• How to complete this task:
An image-free, word-for-word version of the records below is to be returned.

• Supplied entries:
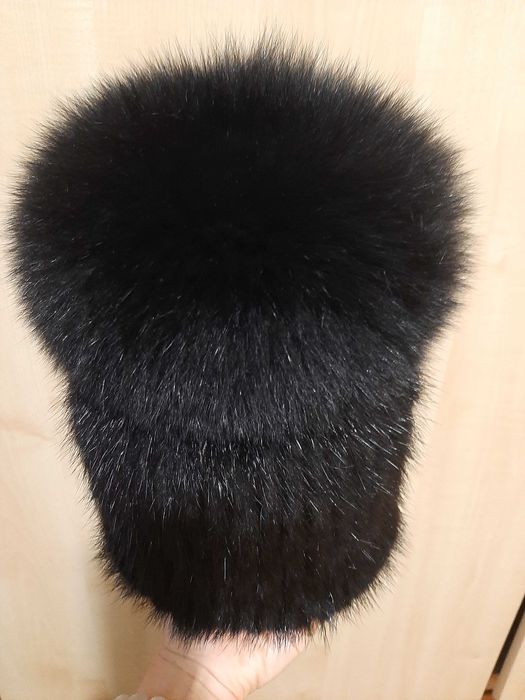 Продам норкову шапку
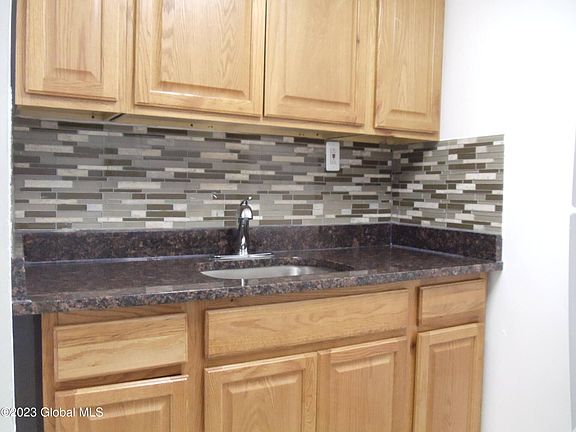 2nd image of 147 Eagle St APT 1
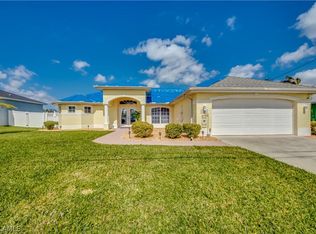 2209 SE 8th Ter, Cape Coral, FL 33990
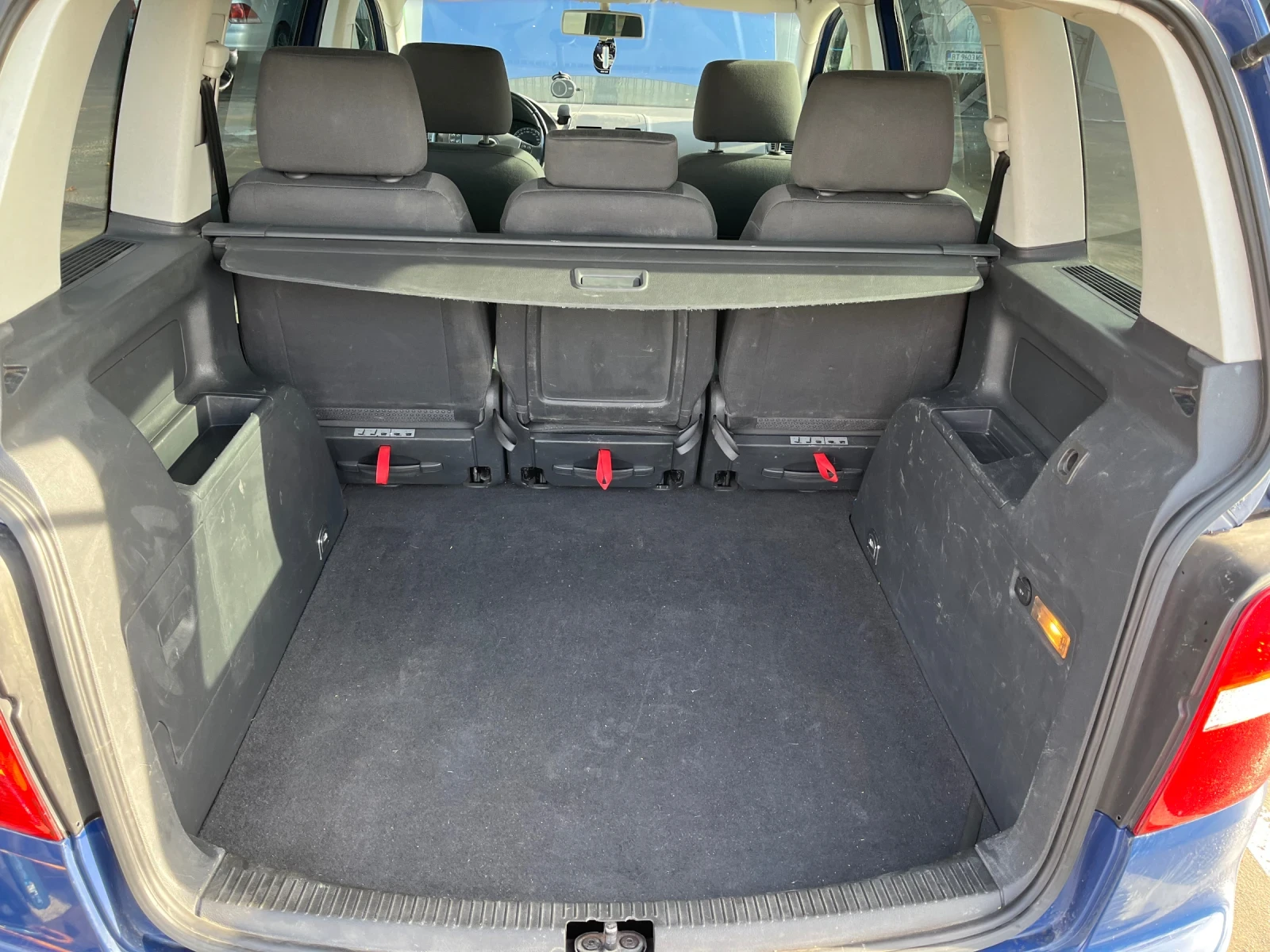 VW Touran 2.0 TDI, снимка 10 - Автомобили и джипове - 55681861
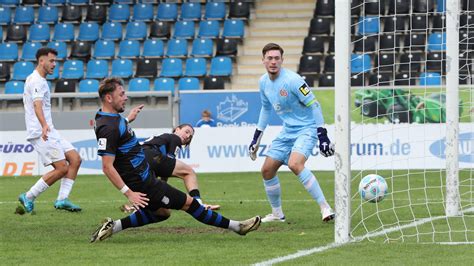 Regionalliga Südwest Hessen Kassel im Duell gegen FSV Frankfurt unter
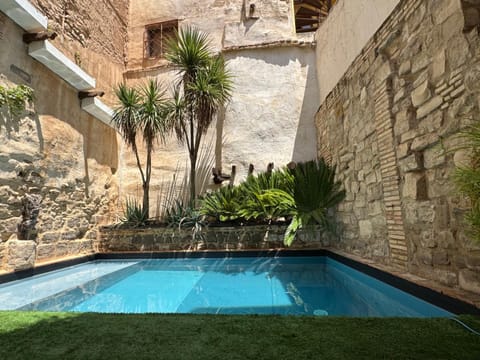 Patio, Swimming pool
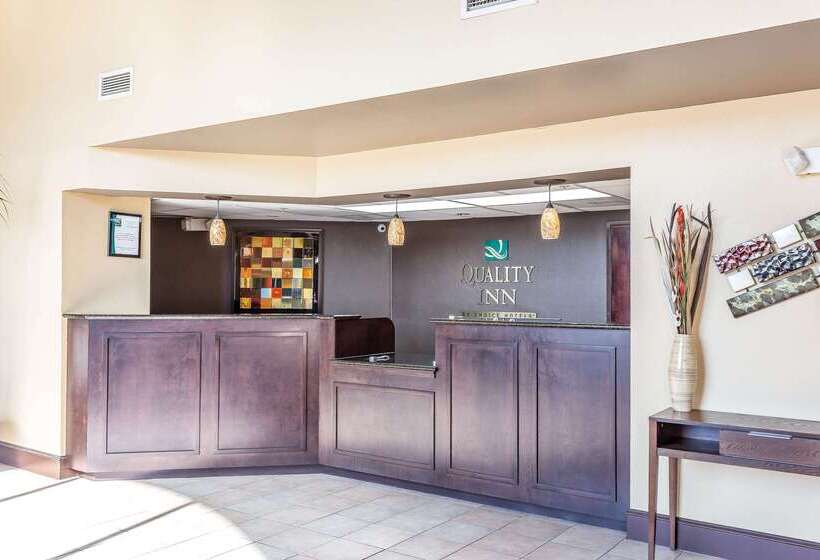 ホテル Quality Inn Warsaw I40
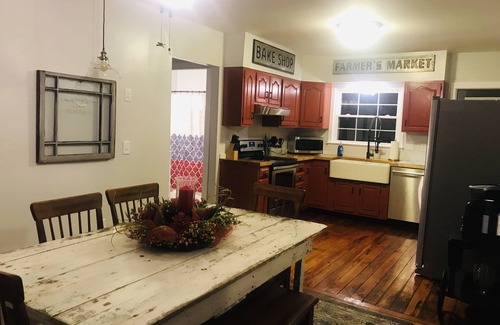 Williamstown House | CLOSE TO ARK, SPARKLING CLEAN, BIG FAMILIES, CABLE, KING BED, BACK YARD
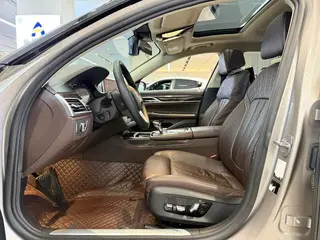 BMW 7 Series 2019 730Li M Conjunto deportivo exterior foto 2 BMW 7 Series 2019 730Li M Conjunto deportivo exterior foto 2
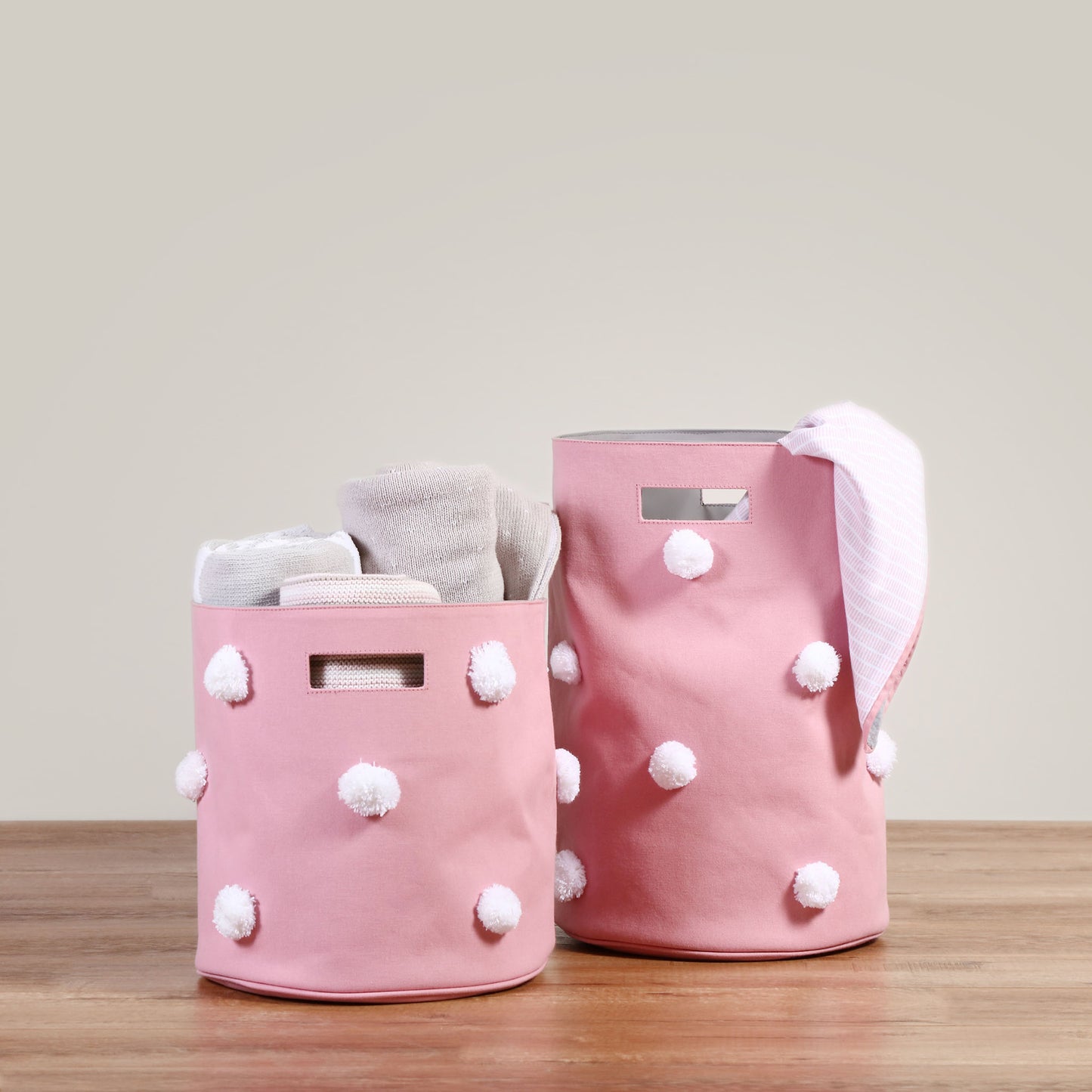 Cestos pompones Rosa con Blanco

• Written reply:
 Продам норкову шапку
 2nd image of 147 Eagle St APT 1
 2209 SE 8th Ter, Cape Coral, FL 33990
 VW Touran 2.0 TDI, снимка 10 - Автомобили и джипове - 55681861
 Regionalliga Südwest Hessen Kassel im Duell gegen FSV Frankfurt unter
 Patio, Swimming pool
 ホテル Quality Inn Warsaw I40
 Williamstown House | CLOSE TO ARK, SPARKLING CLEAN, BIG FAMILIES, CABLE, KING BED, BACK YARD
 BMW 7 Series 2019 730Li M Conjunto deportivo exterior foto 2 BMW 7 Series 2019 730Li M Conjunto deportivo exterior foto 2
 Cestos pompones Rosa con Blanco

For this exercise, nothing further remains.